Perhatikanlah ayat “dia itu mukmin”, sedangkan orang tidak dikatakan mukmin, kecuali orang tersebut kafir terhadap thaghut, karena -seperti yang sudah dijelaskan- pintu masuk Islam adalah Laa ilaaha illallaah dan maknanya adalah kafir terhadap thaghut dan iman kepada Allah.
Ayat ini menjelaskan bahwa Allah akan memberikan balasan surga dan tidak sedikitpun mengurangi amal shalih yang dilakukan seseorang baik itu laki-laki ataupun perempuan dengan syarat dia mukmin, sedangkan orang yang melakukan shalat, zakat, shaum, haji, jihad dan yang lainnya namun dia ternyata tawalliy kepada thaghut atau masih melakukan kemusyrikan atau yang lainnya yang melanggar Laa ilaaha illallaah, maka balasan tadi tidak akan diberikan karena Allah mengatakan “sedang dia itu mukmin”sebagai syaratnya.

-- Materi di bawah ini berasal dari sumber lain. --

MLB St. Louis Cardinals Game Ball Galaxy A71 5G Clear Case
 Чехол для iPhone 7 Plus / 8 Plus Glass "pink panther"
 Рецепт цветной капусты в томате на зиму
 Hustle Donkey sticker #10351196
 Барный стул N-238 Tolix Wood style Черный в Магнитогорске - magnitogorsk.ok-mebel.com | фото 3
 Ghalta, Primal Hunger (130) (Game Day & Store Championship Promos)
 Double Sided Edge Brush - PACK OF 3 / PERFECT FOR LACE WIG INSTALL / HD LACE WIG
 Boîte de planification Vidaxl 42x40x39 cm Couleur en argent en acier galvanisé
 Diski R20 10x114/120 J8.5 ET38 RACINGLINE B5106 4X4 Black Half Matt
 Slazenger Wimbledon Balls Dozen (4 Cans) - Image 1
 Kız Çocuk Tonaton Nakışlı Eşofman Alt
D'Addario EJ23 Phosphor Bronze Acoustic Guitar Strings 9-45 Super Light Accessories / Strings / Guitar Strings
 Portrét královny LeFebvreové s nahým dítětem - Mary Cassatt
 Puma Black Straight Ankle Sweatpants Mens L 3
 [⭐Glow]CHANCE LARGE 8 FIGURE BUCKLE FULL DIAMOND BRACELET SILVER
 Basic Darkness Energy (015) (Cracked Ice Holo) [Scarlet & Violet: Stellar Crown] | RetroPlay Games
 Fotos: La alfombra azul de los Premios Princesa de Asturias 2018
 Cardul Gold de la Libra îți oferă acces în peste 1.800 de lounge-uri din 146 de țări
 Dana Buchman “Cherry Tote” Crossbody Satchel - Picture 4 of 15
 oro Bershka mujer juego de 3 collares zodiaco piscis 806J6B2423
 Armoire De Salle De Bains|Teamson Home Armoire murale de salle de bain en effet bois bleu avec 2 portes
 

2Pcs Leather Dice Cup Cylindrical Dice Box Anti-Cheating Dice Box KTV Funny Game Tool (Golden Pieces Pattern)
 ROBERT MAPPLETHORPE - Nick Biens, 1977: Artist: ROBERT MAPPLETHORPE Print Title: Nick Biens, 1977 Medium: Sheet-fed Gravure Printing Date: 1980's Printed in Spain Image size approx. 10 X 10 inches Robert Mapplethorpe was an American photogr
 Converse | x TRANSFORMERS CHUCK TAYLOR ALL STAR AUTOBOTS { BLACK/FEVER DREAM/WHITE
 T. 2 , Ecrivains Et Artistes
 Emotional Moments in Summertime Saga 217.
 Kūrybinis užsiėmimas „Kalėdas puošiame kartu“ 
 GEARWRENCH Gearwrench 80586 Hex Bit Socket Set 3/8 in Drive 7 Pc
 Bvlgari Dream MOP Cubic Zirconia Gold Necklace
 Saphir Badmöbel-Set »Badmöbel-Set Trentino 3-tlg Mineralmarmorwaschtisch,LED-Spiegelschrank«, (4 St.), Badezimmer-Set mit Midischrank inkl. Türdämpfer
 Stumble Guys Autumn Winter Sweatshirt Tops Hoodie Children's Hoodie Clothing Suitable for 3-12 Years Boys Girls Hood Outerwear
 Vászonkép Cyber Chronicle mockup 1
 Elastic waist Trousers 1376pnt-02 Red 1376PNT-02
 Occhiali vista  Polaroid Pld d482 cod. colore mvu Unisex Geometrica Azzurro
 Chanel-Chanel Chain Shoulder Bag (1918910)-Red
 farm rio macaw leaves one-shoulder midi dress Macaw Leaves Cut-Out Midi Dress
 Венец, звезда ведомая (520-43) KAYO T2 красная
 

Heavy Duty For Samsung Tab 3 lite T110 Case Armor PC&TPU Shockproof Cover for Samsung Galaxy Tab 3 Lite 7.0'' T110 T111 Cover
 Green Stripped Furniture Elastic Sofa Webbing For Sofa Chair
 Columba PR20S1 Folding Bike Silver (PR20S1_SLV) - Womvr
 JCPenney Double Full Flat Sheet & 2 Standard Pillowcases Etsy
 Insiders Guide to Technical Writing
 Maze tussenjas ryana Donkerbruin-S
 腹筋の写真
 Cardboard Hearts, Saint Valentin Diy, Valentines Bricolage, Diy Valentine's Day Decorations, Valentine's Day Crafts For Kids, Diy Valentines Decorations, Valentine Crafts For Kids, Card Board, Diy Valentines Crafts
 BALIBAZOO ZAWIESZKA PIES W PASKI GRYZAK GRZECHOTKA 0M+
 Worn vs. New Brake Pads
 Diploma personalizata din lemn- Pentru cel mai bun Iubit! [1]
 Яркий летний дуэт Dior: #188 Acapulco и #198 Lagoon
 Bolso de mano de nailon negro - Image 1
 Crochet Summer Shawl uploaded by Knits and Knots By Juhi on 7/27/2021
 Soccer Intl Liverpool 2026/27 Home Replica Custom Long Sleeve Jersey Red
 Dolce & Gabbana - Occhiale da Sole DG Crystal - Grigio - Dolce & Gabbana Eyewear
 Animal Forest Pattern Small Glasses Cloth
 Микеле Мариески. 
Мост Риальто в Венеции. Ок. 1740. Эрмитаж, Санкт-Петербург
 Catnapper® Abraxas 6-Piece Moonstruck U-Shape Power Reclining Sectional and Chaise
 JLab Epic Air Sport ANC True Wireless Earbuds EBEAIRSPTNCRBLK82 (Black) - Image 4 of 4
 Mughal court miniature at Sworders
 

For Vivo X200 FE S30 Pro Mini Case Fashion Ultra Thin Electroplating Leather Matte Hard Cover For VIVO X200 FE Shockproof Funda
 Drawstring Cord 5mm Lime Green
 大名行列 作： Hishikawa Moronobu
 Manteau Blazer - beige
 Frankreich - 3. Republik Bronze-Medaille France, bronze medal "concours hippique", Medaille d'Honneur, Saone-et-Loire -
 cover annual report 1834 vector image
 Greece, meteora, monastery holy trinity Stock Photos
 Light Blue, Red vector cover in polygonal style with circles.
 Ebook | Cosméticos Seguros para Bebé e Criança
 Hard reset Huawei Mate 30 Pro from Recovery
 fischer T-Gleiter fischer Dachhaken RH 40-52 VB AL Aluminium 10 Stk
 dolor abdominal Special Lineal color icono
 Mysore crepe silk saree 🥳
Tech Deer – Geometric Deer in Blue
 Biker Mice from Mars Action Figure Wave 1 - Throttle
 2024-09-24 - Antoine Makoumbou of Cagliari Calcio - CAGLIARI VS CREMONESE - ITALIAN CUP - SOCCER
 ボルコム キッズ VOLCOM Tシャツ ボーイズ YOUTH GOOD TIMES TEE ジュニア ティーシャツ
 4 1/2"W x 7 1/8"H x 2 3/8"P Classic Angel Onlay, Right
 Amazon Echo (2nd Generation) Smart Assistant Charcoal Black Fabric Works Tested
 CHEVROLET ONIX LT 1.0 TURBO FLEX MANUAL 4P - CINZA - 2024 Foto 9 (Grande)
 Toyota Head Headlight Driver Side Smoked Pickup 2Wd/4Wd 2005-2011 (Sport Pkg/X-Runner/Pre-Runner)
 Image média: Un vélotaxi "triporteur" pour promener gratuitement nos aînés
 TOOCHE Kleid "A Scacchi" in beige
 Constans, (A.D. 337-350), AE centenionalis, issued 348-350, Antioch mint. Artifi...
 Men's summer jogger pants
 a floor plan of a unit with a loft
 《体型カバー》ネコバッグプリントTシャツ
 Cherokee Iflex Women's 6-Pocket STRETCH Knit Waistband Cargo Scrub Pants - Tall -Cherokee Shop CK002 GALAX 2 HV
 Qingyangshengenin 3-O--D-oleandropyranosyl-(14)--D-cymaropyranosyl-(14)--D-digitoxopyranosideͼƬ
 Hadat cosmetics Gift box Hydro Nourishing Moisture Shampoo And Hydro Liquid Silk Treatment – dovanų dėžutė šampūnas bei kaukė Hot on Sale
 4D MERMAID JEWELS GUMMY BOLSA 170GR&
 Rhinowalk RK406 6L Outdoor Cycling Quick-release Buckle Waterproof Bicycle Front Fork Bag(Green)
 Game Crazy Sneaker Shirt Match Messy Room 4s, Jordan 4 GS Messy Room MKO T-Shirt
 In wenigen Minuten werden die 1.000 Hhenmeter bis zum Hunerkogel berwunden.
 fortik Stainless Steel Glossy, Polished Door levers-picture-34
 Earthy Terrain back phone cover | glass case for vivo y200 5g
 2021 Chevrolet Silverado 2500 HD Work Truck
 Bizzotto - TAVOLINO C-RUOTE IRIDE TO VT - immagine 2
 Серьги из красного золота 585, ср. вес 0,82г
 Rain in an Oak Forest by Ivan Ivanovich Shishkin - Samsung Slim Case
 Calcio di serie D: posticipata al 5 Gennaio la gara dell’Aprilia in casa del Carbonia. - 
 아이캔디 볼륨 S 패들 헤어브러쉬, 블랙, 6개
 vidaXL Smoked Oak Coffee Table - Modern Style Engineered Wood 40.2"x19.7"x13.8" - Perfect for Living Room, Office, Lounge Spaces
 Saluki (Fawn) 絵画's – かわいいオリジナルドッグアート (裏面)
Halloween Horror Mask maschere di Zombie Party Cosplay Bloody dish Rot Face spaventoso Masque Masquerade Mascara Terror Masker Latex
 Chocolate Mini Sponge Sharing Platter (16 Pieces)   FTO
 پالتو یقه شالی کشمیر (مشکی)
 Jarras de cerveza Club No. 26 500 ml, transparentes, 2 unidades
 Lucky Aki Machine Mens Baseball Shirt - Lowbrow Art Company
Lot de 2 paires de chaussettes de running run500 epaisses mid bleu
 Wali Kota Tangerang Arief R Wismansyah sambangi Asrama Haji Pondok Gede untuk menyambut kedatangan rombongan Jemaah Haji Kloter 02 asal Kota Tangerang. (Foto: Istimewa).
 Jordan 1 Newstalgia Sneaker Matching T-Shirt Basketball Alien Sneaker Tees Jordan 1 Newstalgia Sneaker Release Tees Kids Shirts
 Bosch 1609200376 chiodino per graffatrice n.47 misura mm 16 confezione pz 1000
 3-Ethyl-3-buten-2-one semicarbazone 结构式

 2. Allah Ta’ala berfirman:
مَنْ عَمِلَ صَالِحًا مِنْ ذَكَرٍ أَوْ أُنْثَى وَهُوَ مُؤْمِنٌ فَلَنُحْيِيَنَّهُ حَيَاةً طَيِّبَةً وَلَنَجْزِيَنَّهُمْ أَجْرَهُمْ بِأَحْسَنِ مَا كَانُوا يَعْمَلُونَ
“Barangsiapa mengerjakan kebajikan, baik laki-laki maupun perempuan sedang dia itu mukmin, maka pasti akan Kami berikan kepadanya kehidupan yang baik dan akan Kami beri balasan dengan pahala yang lebih baik dari apa yang telah mereka kerjakan” (QS. An-Nahl [16]: 97)
Amal shalih yang dilakukan oleh laki-laki atau perempuan akan ada balasannya dari Allah, akan tetapi ada syaratnya yaitu: “sedang dia itu mukmin”. Orang mukmin yaitu yang merealisasikan keimanan yang intinya ada dalam makna kandungan Laa ilaaha illallaah (kafir terhadap thaghut dan iman kepada Allah)
Dua ayat di atas sama, semuanya tentang amal shalih, ada balasan di ujungnya, sedang di tengahnya ada syarat: “sedang dia itu mukmin”.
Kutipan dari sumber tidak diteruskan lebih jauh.